Gas turbine engine 100 includes inlet 110 , shaft 120 , compressor 200 , combustor 300 , turbine 400 , exhaust system 500 and power output coupling 600 . The gas turbine engine 100 may have a single shaft or dual shaft configuration.

Compressor 200 includes compressor rotor assembly 210 , compressor stationary vanes (stator) 250 , and inlet guide vanes 255 . The compressor rotor assembly 210 mechanically connects to the shaft 120 . As shown, compressor rotor assembly 210 is an axial rotor assembly. Compressor rotor assembly 210 includes one or more compressor disc assemblies 220 . Each compressor disk assembly 220 includes a compressor rotor disk on which compressor rotor blades are circumferentially arranged. A stator 250 axially follows each of the compressor disk assemblies 220 . Each compressor disk assembly 220 paired with an adjacent stator 250 following the compressor disk assembly 220 is considered a compressor stage. Compressor 200 includes multiple compressor stages. The inlet guide vanes 255 axially precede the compressor stage at the beginning of the annular flow path 115 through the gas turbine engine 100 .

Combustor 300 includes combustion chamber 390 and compressed air chamber 395 . Combustion chamber 390 may be formed in part by outer liner 392 and inner liner 393 . An outer liner 392 may define the outer boundary of combustion chamber 390 and may be generally hollow cylindrical in shape. Inner liner 393 may be positioned radially inward from outer liner 392 . An inner liner 393 may define the inner boundary of combustion chamber 390 and may be generally hollow cylindrical in shape. Compressed air chamber 395 is located outside combustion chamber 390 .

Turbine 400 includes a turbine rotor assembly 410 and a turbine nozzle 450 inside a nozzle housing 430 . A nozzle housing 430 surrounds turbine rotor assembly 410 and turbine nozzle 450 , and a forward end 438 of nozzle housing 430 is located adjacent the aft end of combustion chamber 390 . Turbine rotor assembly 410 mechanically couples to shaft 120 . In the illustrated embodiment, turbine rotor assembly 410 is an axial rotor assembly. Turbine rotor assembly 410 includes one or more turbine disk assemblies 420 . Each turbine disk assembly 420 includes a turbine disk with turbine blades circumferentially disposed therein. A turbine nozzle 450 axially precedes each of the turbine disk assemblies 420 . Each turbine disk assembly 420 paired with an adjacent turbine nozzle 450 preceding the turbine disk assembly 420 is considered a turbine stage. Turbine 400 includes multiple turbine stages.

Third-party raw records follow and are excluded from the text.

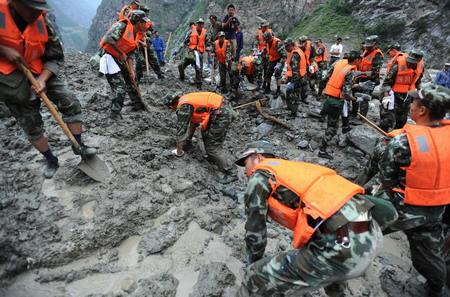 Rescue continues after landslide kills four in Sichuan 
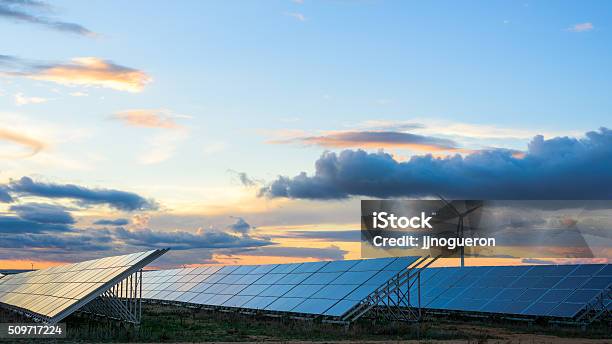 Renewable Energies At Sunset Ii Stock Photo - Download Image Now - Change, Fuel and Power Generation, Climate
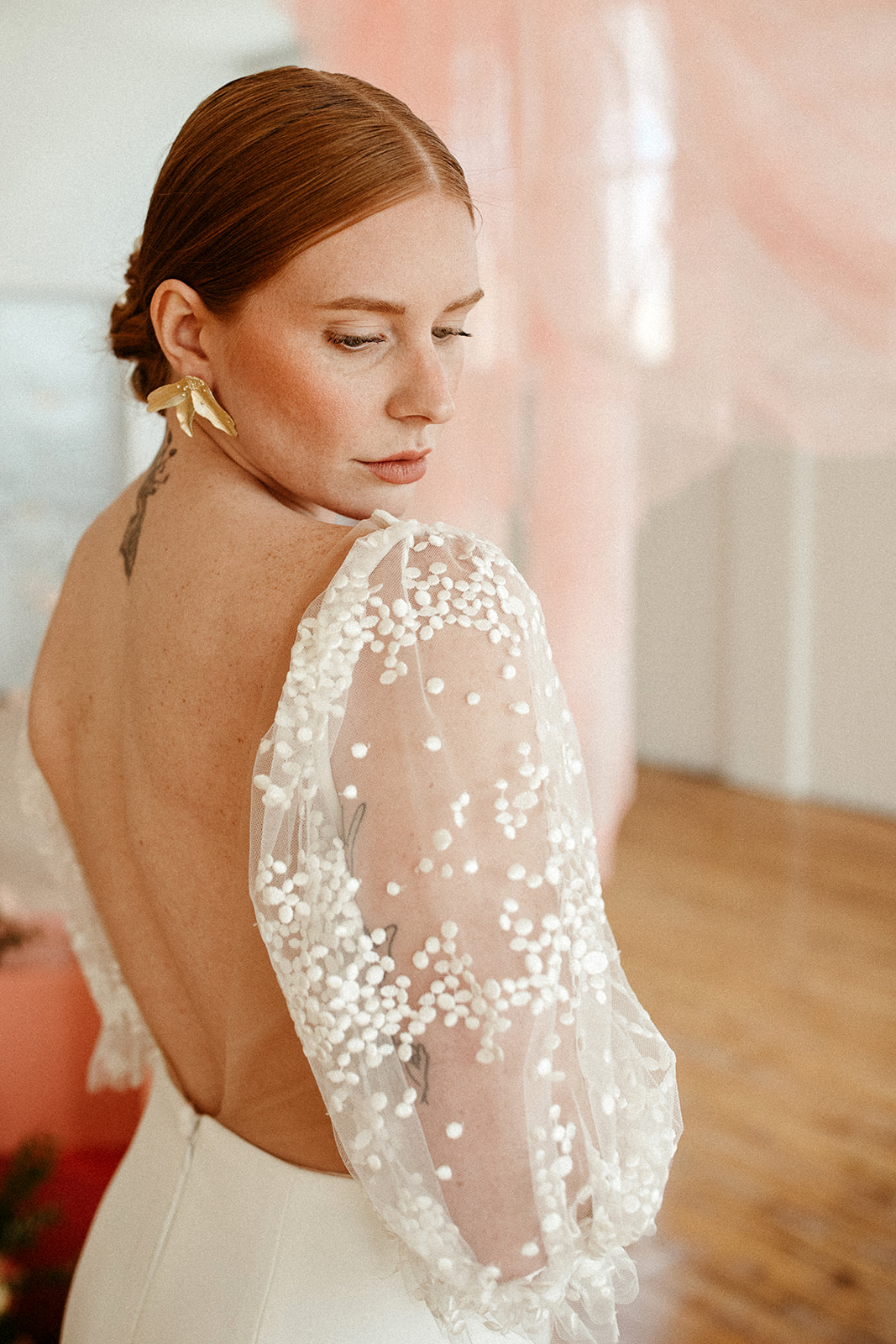 Detailed sleeves on a boho bridal gown from Delica Bridal in Edmonton Alberta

Exhaust system 500 includes exhaust diffuser 520 and exhaust collector 550 , which may collect exhaust gas 90 . A power output coupling 600 may be located at one end of shaft 120 .

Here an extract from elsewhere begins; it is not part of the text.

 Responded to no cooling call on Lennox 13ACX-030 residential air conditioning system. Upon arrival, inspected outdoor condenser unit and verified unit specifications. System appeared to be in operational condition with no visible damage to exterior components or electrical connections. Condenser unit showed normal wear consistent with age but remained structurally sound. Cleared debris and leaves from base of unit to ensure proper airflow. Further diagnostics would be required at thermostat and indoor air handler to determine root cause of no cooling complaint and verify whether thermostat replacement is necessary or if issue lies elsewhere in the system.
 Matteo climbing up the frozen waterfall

FIG. 2 is a cross-sectional view of a portion of the combustor and nozzle sections of the example combustor seal system of FIG. Some features are not shown and/or labeled for clarity. As shown, combustion chamber 390 can be a double-walled chamber. Specifically, outer liner 392 includes two liners that extend radially about central axis 95 : outer outer liner 238 and inner outer liner 236 . An outer outer liner 238 may form an outer barrier and an inner outer liner 236 may form an inner barrier. The inner outer liner 236 may be radially inward from the outer outer liner 238 and partially defines a combustion chamber 390 having an annular shape therebetween. Cooling air 202 may pass between inner outer liner 236 and outer outer liner 238 . An inner outer liner 236 and an outer outer liner 238 may form part of the sealing assembly 230 .

Sealing assembly 230 may include portions of combustor 300 and turbine 400 , such as outer liner 392 and nozzle housing 430 . Sealing assembly 230 may extend circumferentially about central axis 95 .

The inner outer liner 236 may include a rearwardly located portion called the seal body 232 . Seal body 232 may extend radially around central axis 95 . In other words, the seal body 232 may extend circumferentially around the central axis 95 . Seal body 232 may be located upstream of nozzle housing 430 . In other words, seal body 232 may extend from outer liner 392 proximate nozzle housing 430 and may generally provide a smooth transition from combustion chamber 390 to nozzle housing 430 . A portion of seal body 232 may extend outwardly of outer outer liner 238 . Seal body 232 may comprise a curved shape located proximate nozzle housing 430 . Seal body 232 may extend obliquely outwardly and forwardly from near nozzle housing 430 and may transition to extend generally outwardly. A portion of seal body 232 may contact outer outer liner 238 . Seal body 232 may include a first passageway 233 that allows cooling air 202 to pass through seal body 232 and may be in fluid communication with combustion chamber 390 and turbine 400 . The first passageway 233 can be a series of holes spaced around the circumference of the seal body 232 . Seal body 232 may include a second passageway 234 that allows cooling air 204 to pass through seal body 232 from compressed air chamber 395 and may be in fluid communication with combustion chamber 390 and turbine 400 . The second passages 234 may be a series of holes spaced around the circumference of the seal body 232 . The second passageway 234 may be a row of holes extending outwardly toward the fixed body 270 . In one embodiment, seal body 232 may extend from outer outer liner 238 .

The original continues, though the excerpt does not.